Only ECBC personnel are allowed in the lab, but it boasts the unique capability of adjoining labs that can actually run the systems remotely, with communication devices that allow the scientists to talk freely with customers during testing.
"Our ISAS lab is a unique, one-of-a-kind facility," said Guicheteau. "It allows for us to significantly elevate our level of testing. It has been swamped with work from both national and international customers."
Future efforts in this field include partnering with companies to work on orthogonal technologies that can be put together and do much more than the current detector. As they exist now, there is no one technique that can do it all, so the ECBC team is looking to identify a way to put together various technologies to create one package that is much more effective. For example, there are existing technologies now that can locate the specific space that needs to be evaluated, and those that can assess that specific area for chemical agents.
"Right now, if someone tells us where to look, we can use Raman technology or various spectroscopic methods to detect what is there, but we can't tell you where to look," Guicheteau said. "We want to get to a point where we can scan a room with an instrument and say, 'look here and here,' and then use the adjoining detector to evaluate what is there."
These advances in technology will greatly enhance biological and chemical detection, and ECBC is at the forefront of such research. And with the versatility and ease of use of the ISAS lab, ECBC scientists look to evolve their capability to the next generation where they can evaluate biological and chemical agents in the same space.

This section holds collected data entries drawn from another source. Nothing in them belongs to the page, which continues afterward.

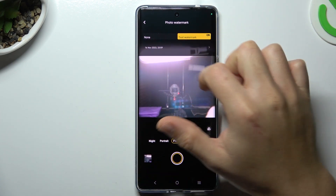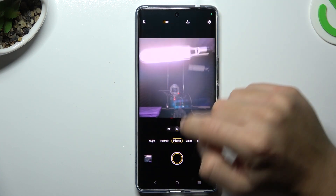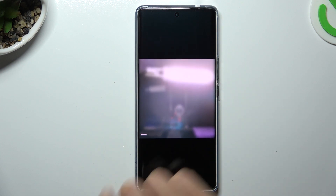If you want to switch it off, click on 'none'. If you want to turn it on, click on 'text'. Now just take your photo with or without the watermark.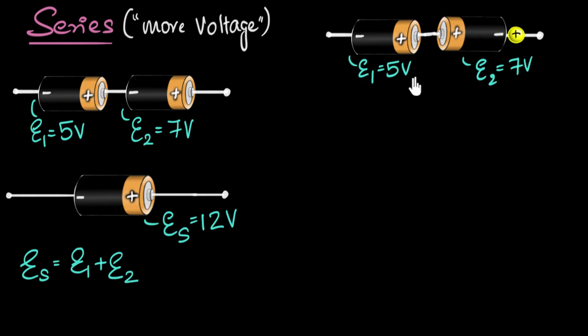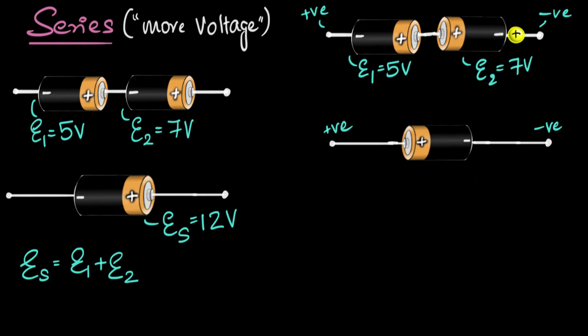A negative effective EMF basically means the direction of the effective battery is flipped. The seven-volt battery is dominating, so the terminals take the polarity of that battery. The effective battery ends up being two volts with the positive and negative terminals swapped. So you won't always get more voltage — you get more voltage only if you connect them the right way: positive to negative, positive to negative.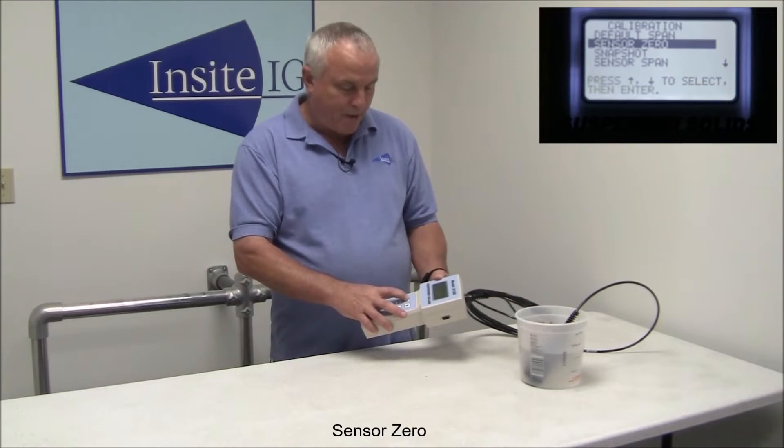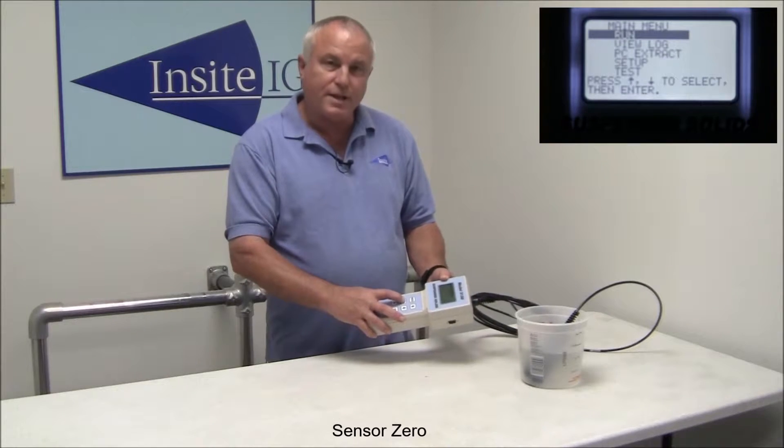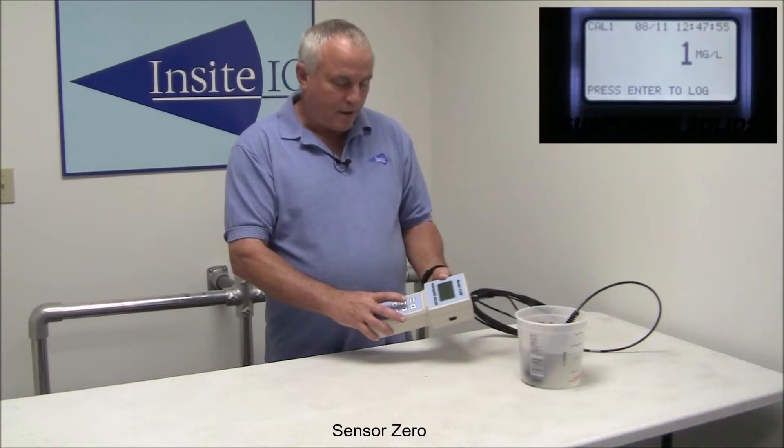Now we just menu our way out, back to the run mode. Press enter — it comes up zero.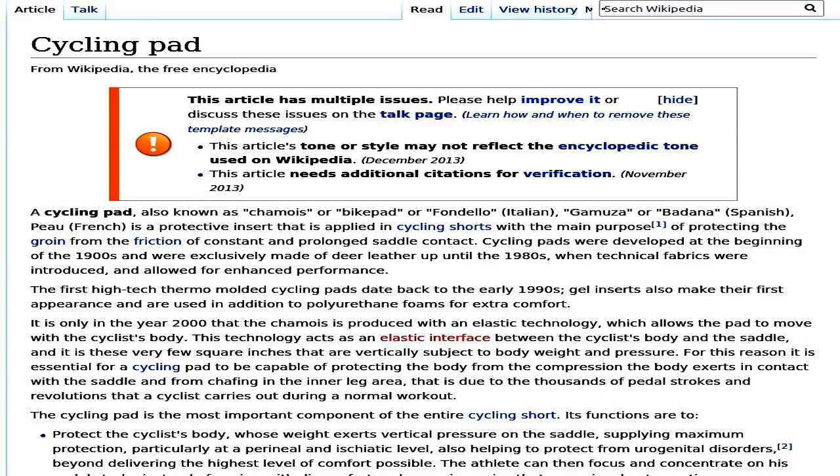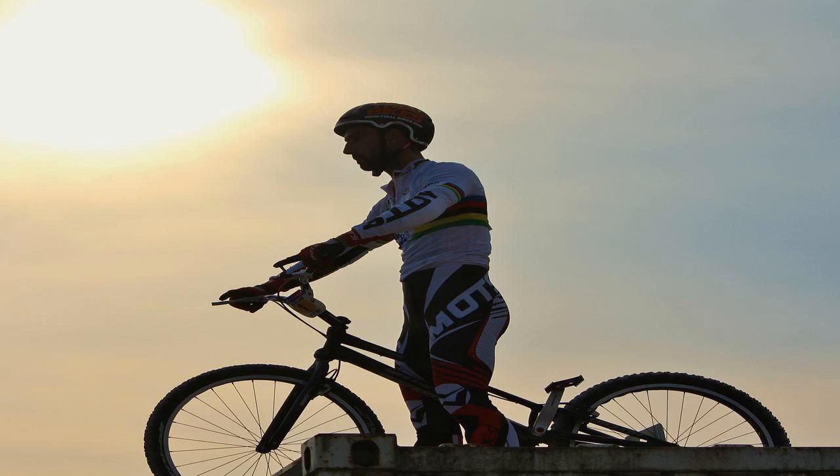The cycling pad is the most important component of the entire cycling short. Its functions are to protect the cyclist's body, whose weight exerts vertical pressure on the saddle, supplying maximum protection particularly at a perineal and ischial level, also helping to protect from urogenital disorders. Beyond delivering the highest level of comfort possible, the athlete can then focus and concentrate on his pedal stroke instead of coping with discomfort and annoying pains that can arise due to continuous compression on a limited surface such as a bicycle saddle.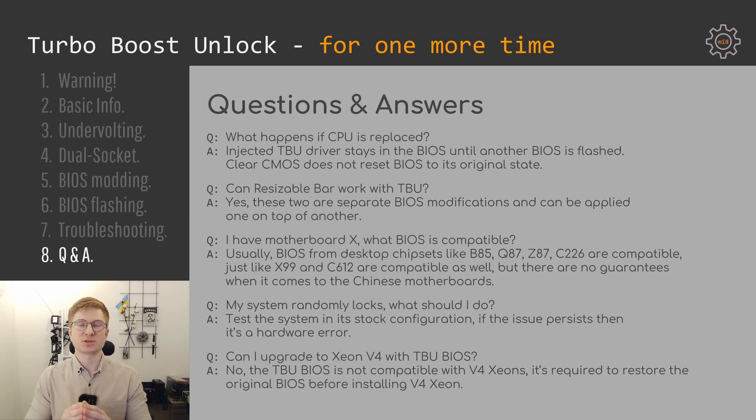A few answers to the most common questions. First: what happens when the CPU is replaced? It depends on what kind of Turbo Boost Unlock you implemented. If you injected the FFS driver straight into the BIOS, that driver will stay within your BIOS until you flash another BIOS — clearing CMOS will not restore your original BIOS. Another popular question is about resizable BAR: is it possible to apply both the resizable BAR modification and Turbo Boost Unlock? Of course — these are two totally different and separate modifications. You can apply them one at a time or both together with no restrictions.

"That would take our capability to the next level," Guicheteau explains. "There is a lot of excitement in this field right now and we're thrilled to be a part of it."
ECBC is part of the U.S. Army Research, Development and Engineering Command, which has the mission to develop technology and engineering solutions for America's Soldiers.
RDECOM is a major subordinate command of the U.S. Army Materiel Command. AMC is the Army's premier provider of materiel readiness -- technology, acquisition support, materiel development, logistics power projection, and sustainment -- to the total force, across the spectrum of joint military operations. If a Soldier shoots it, drives it, flies it, wears it, eats it or communicates with it, AMC provides it.